ABOUT THIS EXERCISE:
Return every line of the listing that includes the string "direct".

[TASK INPUTS Boundary: Start]

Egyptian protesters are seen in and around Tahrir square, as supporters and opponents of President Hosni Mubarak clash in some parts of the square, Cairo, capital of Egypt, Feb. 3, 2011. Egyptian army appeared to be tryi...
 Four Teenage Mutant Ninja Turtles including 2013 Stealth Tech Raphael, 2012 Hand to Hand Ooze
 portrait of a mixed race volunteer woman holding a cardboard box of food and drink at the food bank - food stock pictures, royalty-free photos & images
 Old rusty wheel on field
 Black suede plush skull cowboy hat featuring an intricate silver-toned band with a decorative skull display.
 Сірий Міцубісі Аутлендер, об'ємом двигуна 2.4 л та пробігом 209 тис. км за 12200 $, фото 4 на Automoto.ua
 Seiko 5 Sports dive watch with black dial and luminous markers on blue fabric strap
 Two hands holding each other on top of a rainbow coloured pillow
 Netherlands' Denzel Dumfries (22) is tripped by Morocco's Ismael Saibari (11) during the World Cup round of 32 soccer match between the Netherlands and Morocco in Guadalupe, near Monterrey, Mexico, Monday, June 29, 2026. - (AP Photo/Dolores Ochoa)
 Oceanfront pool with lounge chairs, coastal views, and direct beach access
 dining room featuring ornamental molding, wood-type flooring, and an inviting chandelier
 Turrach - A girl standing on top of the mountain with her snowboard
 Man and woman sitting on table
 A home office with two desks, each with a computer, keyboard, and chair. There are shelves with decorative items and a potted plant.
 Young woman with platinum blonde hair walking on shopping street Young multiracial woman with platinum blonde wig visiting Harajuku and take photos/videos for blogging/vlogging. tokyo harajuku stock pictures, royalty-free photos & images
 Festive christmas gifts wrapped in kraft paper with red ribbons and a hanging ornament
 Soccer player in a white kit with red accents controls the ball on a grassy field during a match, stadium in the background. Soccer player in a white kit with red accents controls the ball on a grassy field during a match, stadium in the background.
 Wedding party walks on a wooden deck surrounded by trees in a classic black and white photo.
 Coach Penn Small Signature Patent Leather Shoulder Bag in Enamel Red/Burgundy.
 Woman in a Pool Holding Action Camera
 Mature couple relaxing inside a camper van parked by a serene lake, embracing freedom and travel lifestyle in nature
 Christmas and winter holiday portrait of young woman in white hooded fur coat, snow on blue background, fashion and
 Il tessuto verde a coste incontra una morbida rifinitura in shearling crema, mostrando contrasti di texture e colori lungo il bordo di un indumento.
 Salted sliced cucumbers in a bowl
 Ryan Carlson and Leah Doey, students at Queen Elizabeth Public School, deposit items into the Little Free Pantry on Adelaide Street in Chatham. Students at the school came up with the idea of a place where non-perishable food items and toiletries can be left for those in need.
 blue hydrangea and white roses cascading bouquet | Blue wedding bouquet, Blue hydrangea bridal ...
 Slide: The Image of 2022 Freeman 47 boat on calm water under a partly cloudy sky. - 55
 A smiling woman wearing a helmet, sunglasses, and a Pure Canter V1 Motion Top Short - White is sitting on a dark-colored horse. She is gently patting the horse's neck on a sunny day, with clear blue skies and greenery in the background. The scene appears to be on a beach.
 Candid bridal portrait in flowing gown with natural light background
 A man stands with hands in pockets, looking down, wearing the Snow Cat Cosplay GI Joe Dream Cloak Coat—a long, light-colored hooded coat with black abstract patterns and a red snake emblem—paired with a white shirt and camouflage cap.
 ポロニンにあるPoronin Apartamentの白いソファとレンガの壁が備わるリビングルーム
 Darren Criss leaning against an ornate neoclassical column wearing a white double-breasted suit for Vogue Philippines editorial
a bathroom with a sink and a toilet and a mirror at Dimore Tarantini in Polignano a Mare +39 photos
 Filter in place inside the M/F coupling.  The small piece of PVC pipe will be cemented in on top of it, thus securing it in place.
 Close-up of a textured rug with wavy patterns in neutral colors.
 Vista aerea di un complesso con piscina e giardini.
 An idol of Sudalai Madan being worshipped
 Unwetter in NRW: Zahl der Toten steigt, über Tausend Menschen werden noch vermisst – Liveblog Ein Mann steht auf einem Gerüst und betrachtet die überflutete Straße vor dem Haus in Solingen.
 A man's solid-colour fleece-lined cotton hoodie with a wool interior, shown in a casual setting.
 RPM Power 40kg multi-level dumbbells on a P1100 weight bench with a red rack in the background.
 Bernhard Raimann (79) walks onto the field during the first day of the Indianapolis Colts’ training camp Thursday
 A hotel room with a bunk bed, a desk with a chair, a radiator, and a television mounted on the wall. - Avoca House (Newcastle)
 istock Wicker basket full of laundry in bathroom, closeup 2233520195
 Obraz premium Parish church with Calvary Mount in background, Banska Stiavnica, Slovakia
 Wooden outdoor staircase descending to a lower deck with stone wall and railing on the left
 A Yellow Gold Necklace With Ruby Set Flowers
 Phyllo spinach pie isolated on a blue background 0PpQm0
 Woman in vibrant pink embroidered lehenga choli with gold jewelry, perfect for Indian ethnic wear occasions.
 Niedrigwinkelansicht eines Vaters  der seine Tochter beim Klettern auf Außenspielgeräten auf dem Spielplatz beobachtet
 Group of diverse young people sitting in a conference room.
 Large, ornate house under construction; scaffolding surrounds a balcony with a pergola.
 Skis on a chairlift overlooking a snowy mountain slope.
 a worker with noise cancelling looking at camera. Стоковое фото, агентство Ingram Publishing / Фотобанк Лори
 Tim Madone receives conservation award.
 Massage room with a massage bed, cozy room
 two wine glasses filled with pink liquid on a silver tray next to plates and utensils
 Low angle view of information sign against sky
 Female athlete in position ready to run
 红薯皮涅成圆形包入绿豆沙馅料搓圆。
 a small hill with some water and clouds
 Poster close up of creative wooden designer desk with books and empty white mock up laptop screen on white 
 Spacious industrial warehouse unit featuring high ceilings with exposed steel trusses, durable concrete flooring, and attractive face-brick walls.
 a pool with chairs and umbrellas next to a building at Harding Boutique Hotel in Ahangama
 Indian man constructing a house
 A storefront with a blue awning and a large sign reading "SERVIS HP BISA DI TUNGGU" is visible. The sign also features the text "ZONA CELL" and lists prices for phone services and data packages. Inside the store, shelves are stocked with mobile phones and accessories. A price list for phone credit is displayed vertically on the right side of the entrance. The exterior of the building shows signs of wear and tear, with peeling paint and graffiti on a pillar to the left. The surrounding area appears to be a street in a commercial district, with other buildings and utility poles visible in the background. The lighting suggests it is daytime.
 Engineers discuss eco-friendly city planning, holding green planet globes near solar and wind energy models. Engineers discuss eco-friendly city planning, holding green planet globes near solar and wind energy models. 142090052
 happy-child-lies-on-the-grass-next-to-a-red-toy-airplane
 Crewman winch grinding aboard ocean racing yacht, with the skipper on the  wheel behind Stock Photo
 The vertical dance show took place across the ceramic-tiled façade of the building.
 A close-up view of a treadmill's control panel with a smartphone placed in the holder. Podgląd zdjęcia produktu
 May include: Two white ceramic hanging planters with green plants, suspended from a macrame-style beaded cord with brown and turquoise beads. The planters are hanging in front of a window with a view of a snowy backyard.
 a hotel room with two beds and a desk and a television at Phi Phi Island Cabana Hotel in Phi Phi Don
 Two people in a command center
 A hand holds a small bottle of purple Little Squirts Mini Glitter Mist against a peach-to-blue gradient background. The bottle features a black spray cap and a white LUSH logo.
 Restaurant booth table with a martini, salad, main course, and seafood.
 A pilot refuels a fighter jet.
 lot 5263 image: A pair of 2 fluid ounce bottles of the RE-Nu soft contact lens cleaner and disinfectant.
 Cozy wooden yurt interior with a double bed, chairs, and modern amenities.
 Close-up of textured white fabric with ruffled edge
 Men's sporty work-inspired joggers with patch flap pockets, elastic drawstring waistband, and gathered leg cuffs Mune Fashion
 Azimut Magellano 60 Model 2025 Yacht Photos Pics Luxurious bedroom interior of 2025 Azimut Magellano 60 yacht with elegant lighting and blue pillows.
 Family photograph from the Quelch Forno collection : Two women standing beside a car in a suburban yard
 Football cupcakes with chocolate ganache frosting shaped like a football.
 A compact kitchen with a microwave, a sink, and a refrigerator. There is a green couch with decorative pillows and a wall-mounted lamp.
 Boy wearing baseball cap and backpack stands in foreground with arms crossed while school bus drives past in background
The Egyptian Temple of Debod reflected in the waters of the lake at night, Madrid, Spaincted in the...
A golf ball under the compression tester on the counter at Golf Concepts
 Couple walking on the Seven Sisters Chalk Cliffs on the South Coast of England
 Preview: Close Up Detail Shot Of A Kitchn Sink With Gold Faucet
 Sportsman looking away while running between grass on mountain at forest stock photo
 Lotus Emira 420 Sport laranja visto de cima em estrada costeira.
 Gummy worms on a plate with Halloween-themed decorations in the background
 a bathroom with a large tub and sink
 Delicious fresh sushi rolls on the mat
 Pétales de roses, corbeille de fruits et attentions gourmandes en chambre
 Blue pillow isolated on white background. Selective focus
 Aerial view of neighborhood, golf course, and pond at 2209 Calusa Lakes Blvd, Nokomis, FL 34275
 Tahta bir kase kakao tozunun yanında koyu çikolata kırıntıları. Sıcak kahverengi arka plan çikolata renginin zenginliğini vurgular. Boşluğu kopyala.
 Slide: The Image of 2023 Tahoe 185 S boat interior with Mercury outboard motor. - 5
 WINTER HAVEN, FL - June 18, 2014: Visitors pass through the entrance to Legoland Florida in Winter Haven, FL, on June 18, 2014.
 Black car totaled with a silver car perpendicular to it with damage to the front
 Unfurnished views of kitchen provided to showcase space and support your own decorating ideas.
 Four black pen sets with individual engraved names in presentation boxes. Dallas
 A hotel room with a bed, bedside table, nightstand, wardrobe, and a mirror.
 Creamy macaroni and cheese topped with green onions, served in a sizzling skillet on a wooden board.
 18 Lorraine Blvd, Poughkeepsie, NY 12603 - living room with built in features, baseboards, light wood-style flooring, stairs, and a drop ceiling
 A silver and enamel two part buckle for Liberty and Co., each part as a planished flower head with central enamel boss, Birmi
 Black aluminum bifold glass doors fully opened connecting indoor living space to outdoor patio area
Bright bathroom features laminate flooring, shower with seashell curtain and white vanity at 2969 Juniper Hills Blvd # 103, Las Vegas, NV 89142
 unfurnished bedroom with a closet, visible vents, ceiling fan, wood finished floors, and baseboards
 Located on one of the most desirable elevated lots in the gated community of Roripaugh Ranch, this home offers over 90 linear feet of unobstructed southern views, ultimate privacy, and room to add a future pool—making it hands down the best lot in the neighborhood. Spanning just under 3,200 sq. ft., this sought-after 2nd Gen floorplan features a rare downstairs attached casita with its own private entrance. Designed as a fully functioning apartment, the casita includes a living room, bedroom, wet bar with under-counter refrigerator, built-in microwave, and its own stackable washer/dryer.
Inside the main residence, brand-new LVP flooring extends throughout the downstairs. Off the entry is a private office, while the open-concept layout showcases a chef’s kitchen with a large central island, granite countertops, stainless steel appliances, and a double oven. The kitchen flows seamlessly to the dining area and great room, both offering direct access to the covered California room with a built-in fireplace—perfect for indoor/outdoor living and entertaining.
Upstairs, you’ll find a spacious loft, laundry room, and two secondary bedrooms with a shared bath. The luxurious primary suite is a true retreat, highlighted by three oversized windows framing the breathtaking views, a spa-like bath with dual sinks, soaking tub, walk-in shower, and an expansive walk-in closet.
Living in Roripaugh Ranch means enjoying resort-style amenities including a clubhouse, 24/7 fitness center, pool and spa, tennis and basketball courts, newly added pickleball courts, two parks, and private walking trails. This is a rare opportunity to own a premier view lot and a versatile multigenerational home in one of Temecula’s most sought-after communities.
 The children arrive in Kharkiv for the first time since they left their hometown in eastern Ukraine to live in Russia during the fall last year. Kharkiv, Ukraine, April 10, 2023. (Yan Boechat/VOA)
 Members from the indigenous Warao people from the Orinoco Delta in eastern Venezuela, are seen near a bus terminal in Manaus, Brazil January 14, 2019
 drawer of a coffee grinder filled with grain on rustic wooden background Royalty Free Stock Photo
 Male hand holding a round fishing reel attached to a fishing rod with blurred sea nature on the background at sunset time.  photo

[TASK INPUTS Boundary: End]

RESULT FOR THIS TASK:
 Oceanfront pool with lounge chairs, coastal views, and direct beach access
Inside the main residence, brand-new LVP flooring extends throughout the downstairs. Off the entry is a private office, while the open-concept layout showcases a chef’s kitchen with a large central island, granite countertops, stainless steel appliances, and a double oven. The kitchen flows seamlessly to the dining area and great room, both offering direct access to the covered California room with a built-in fireplace—perfect for indoor/outdoor living and entertaining.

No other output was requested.